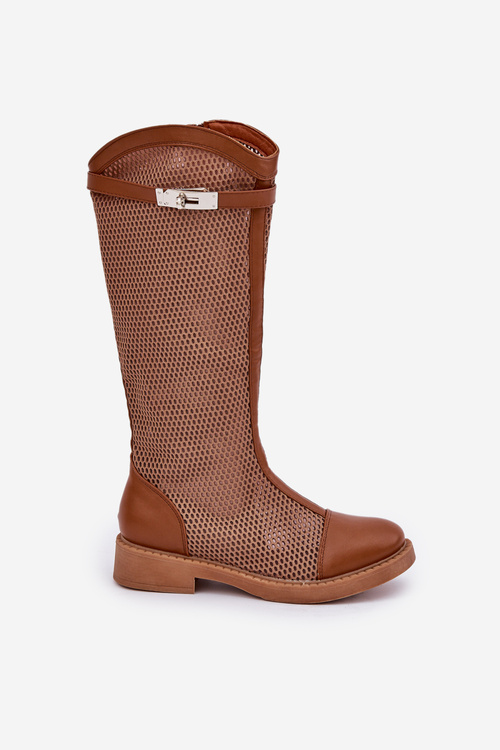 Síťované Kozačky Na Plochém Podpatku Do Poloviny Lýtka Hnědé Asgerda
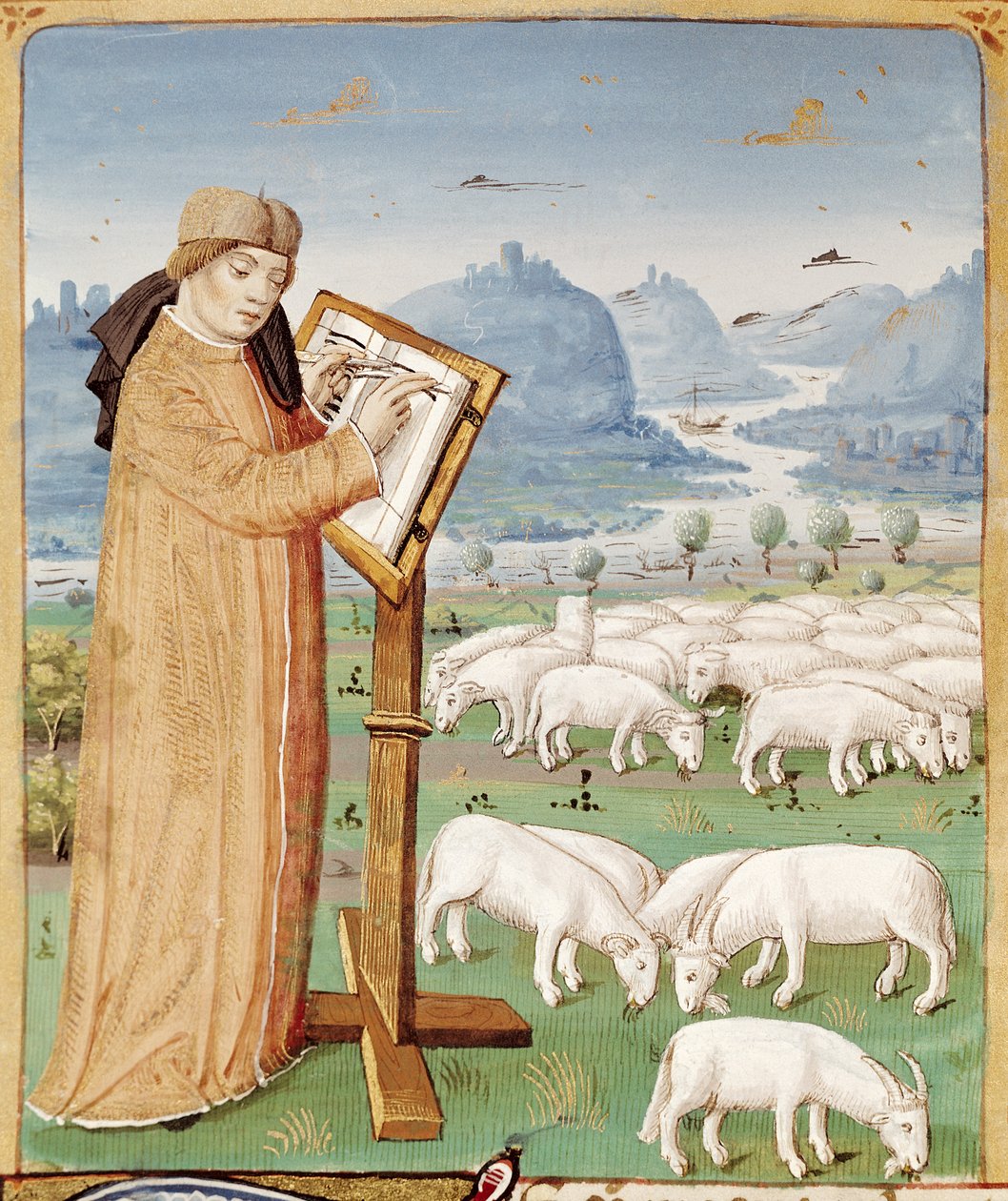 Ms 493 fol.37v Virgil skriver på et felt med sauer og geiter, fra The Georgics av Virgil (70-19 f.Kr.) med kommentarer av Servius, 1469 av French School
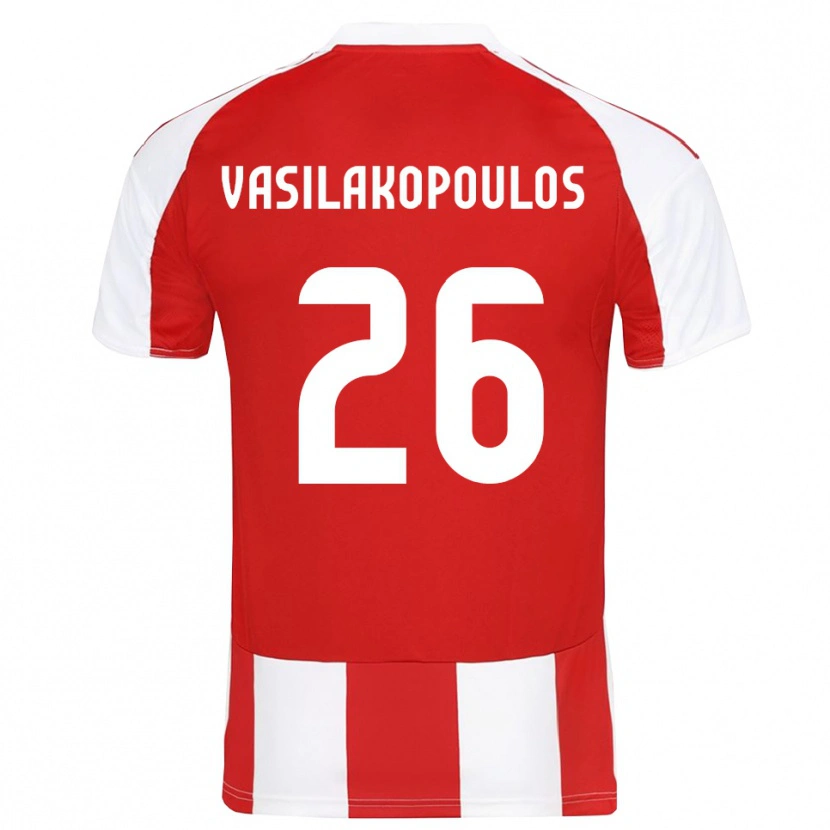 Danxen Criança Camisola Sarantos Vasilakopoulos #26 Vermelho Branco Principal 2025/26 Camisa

Goal of the exercise: What is needed is the full material, retyped unchanged, with no pictures in it.

Solved exercise:
 Síťované Kozačky Na Plochém Podpatku Do Poloviny Lýtka Hnědé Asgerda
 Ms 493 fol.37v Virgil skriver på et felt med sauer og geiter, fra The Georgics av Virgil (70-19 f.Kr.) med kommentarer av Servius, 1469 av French School
 Danxen Criança Camisola Sarantos Vasilakopoulos #26 Vermelho Branco Principal 2025/26 Camisa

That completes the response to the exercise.